And sorry for misunderstanding your "few lines in" as your being present in text as making an utterance, when you seem to have meant you were reading a few lines in. Hope you got further and have seen why shallower seas and flatter mountains were possible, textually speaking. I should perhaps have added generally too, as lifting of land and rising of mountains are observed tektonic movements, a creationist only needs to suppose they happened a little faster than now in the end part of Flood and after the Flood.
- Alan Whistler to me
- //Diverse for diverse traditions.// Ambiguous = fail
- Me to Alan Whistler
- Er, no.
Diverse sources do include diverse traditions. As there are for instance British and US traditions about George Washington's War of Independence. Both agreeing when it took place.
- Alan Whistler to me
- //Genesis latest written by Moses around 1510 BC, 8 - 12 overlapping generations after Adam.// This is a claim - What supports it was written by Moses. The bible is not self acknowledging. What corroberates the claims made by moses from independent contemporary source?
Were there actual historians codexing the war of independence?
- Citation (where I can't find attribution)
- tradition
trəˈdɪʃ(ə)n/Submit
noun
1. the transmission of customs or beliefs from generation to generation, or the fact of being passed on in this way.
Noun 1. historical record - writing having historical value (as opposed to fiction or myth etc.)historical record - writing having historical value (as opposed to fiction or myth etc.)
[Probably eclectic attributions]
- Alan Whistler to me
- How do you determine the ancient tradition is not myth or fiction?
- Me to Alan Whistler
- "This is a claim - What supports it was written by Moses. The bible is not self acknowledging. What corroberates the claims made by moses from independent contemporary source?"
Moses in Genesis is NOT saying he wrote Genesis. He is also NOT directly and uncontrovertibly saying "here I take the part from Adam, here I take the part from Noah" and so on. So that this is how it happened is what we have from Hebrew tradition.

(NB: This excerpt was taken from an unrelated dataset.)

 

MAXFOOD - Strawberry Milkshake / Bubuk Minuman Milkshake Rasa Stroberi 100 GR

I hope you depend sufficiently on English tradition to agree Tolkien wrote Lord of the Rings and that he wrote it as a fairy tale, not as a documentary, even if he tried to get aspects close to that ideal of his.
I hope you depend sufficiently on Roman tradition to agree Julius Caesar wrote seven of the eight books of Bellum Gallicum, leaving the eighth to his trusted continuator Aulus Hirtius.

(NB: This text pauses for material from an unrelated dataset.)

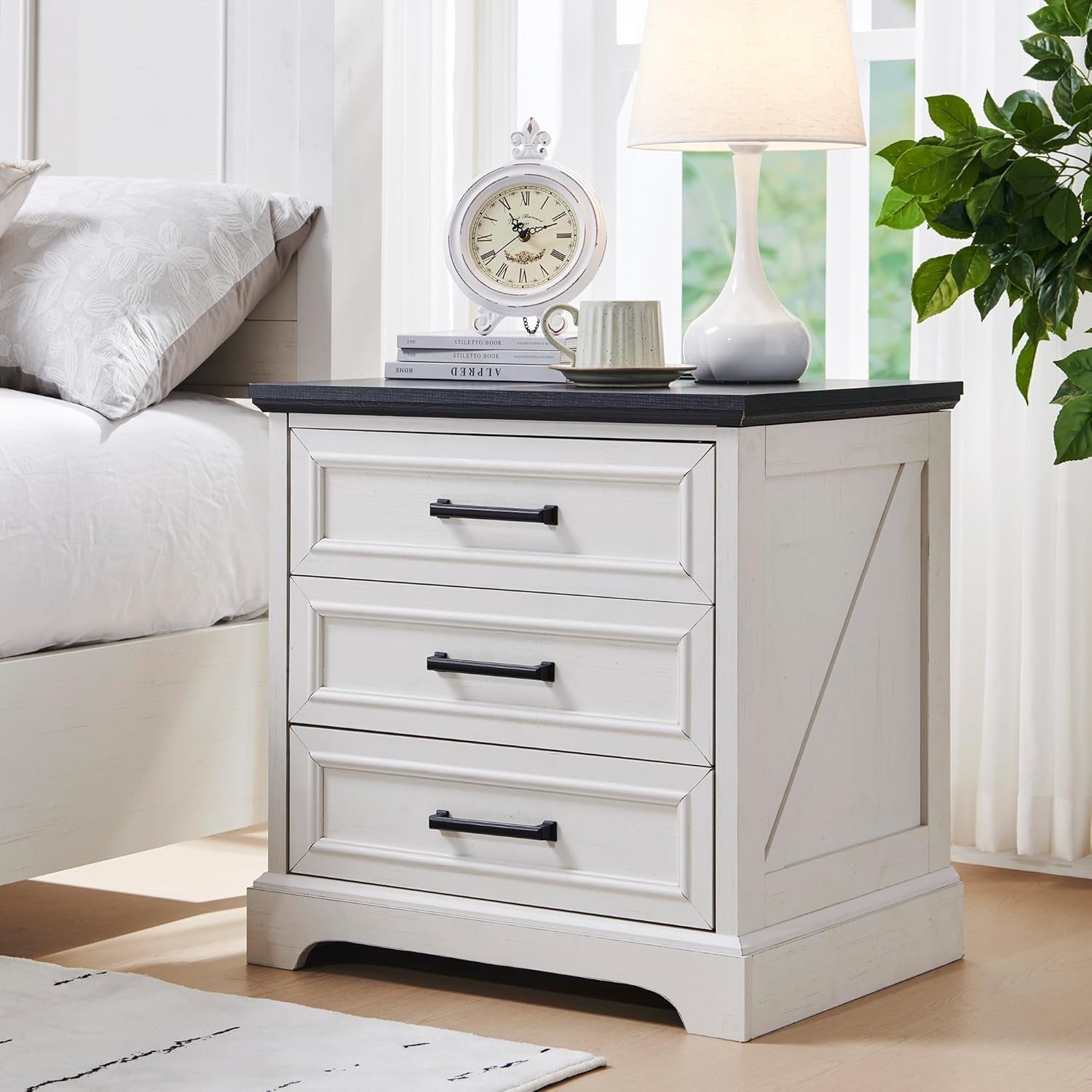 Farmhouse Nightstands Set of 2, 22 Inch Wide End Table with Charging Station & 3 Large Drawers, Rustic Wood Small Dresser Chest of Drawers for Bedroom, Living Room, off White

"Were there actual historians codexing the war of independence?"
Not as you seem to understand the word, since historians as an academic specialty did not come into existence until during 19th Century. For War of Independence or for French Revolution and Napoleonic Wars, we have tradition from biassed participants. And, as with Flood, more than one tradition.
"the transmission of customs or beliefs from generation to generation, or the fact of being passed on in this way."
Someone else gave a fuller and better description which involves also information being transmitted from generation to generation.
"How do you determine the ancient tradition is not myth or fiction?"
The word myth is meaningless. As to fiction, how do you explain a tradition which starts out as fiction becoming misunderstood as fact statement? By fiction, I am supposing you mean things like Lord of the Rings, not things like Book of Mormon, which is forgery, not fiction. Though produced same way as fiction - at least that is how many take what Joseph Smith actually did.
Why is "myth" meaningless? A book of Greek mythology will include:
- Chaos giving rise to Gaia, Erebos, Nyx and Eros (and perhaps some parallel Orphic myth about a cosmic egg hatching);
- The Flood of Deucalion and Pyrrha;
- The history of Trojan War and of heroes in previous generation or in aftermath of Trojan War.
I believe that exactly the first point is in the full sense fiction, if only half humourously pretended to be believed, a bit like Father Christmas, the second point is a fairly distorted version of Flood story (I am judging after Hebrew standards, you know my bias), while the third is fairly straightforward history.
It is embellished with some untruths anyone except Homeric believers will take as such. Perseus and Andromeda becoming stars or Antaios being a son of Poseidon and Gaia and losing his strength when no longer standing on or otherwise touching "his mother" is obviously untrue. This leaves room open for speculation on how much of the story is correct. Could demons have been giving Antaeus more strength than he usually had as long as he stood on earth in a fight? That is perhaps equally incredible to an Atheist, but not to a Christian.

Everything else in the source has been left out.